While it is recognized that creditors without a judgment or lien are not, as a general rule, entitled to the appointment of receivers in the absence of other facts and circumstances authorizing equitable intervention, yet the evidence in this case as it is now presented (as set forth in the statement of facts) was sufficient to bring the case from within the operation of the general rule, and the order of the lower court appointing receivers at the instance of tort claimants who had established prima facie liability will not be disturbed. Cohen v. Meyers, 42 Ga. 46; Pendleton v. Johnson, 85 Ga. 840 (11 S. E. 144); Goodroe v. C. L. C. Thomas Warehouse, 185 Ga. 399 (195 S. E. 199); Irwin v. Willis, 202 Ga. 463 (43 S. E. 2d, 691). Nor will the defendant be heard to complain because the trial court voluntarily conditioned its order granting the receivership upon the defendants’ giving a specified bond in lieu thereof, the amount and terms of which bond are not excepted to.

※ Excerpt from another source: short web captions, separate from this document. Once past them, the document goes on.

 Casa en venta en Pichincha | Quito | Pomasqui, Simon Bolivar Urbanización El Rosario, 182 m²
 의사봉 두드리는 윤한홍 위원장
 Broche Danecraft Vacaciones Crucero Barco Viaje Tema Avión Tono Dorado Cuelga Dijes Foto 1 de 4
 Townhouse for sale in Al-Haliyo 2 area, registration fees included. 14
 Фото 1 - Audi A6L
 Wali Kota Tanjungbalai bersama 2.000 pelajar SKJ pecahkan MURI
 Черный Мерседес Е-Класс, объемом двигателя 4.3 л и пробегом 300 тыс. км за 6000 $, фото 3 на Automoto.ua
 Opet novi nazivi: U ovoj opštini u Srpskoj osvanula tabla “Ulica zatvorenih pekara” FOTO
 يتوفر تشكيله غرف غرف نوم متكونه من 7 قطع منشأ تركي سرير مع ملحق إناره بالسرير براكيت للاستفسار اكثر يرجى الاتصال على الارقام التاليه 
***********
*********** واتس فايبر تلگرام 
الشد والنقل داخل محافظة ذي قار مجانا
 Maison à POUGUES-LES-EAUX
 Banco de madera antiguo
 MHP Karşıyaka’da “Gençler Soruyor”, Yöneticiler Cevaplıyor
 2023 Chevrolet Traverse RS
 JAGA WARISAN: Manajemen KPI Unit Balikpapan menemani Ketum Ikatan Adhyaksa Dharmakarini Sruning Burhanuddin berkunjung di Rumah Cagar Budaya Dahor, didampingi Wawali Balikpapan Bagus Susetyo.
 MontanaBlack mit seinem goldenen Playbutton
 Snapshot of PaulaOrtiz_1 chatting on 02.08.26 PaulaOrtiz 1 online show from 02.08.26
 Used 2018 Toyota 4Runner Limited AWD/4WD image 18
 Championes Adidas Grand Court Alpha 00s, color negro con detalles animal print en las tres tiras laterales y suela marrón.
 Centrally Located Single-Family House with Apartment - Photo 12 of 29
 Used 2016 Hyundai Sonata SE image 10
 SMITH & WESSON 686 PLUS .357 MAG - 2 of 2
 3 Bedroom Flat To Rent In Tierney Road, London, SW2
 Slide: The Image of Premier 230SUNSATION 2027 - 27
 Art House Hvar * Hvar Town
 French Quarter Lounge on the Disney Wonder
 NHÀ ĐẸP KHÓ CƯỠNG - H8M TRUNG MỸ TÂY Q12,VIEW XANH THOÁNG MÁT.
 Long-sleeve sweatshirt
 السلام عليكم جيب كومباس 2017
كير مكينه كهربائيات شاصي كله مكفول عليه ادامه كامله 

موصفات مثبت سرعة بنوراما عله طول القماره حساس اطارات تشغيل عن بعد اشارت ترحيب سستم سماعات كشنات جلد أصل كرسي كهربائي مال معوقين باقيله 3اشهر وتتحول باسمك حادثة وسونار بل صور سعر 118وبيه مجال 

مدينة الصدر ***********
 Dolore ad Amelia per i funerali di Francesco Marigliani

Judgment affirmed in both cases.
All the Justices concur, except Wyatt, J., who took no part in the consideration or decision oj this case. Smith, Kilpatrick, Cody, Rogers & McClatchey and E. D. Smith Jr., for Geele et al. Powell, Goldstein, Frazer & Murphy, A. B. Conger, Vance Custer, W. H. Miller, H. G. Bell, Newell Edenfield, and Arnold, Gambrell & Arnold, for Willis et al. Moise, Post & Gardner, for Torbert. Moise, Post & Gardner, Henry A. Stewart, Sapp & Erwin, J. N. Peacock Jr., William C. McLean, Leonard Farkas & Walter H. Burt, Beck, Goodrich & Beck, James E. Morrisette, McQueen & McQueen, Sam Brown Lippitt, Wright & McGuire, and Reuben Wright, for persons at interest, not parties to record.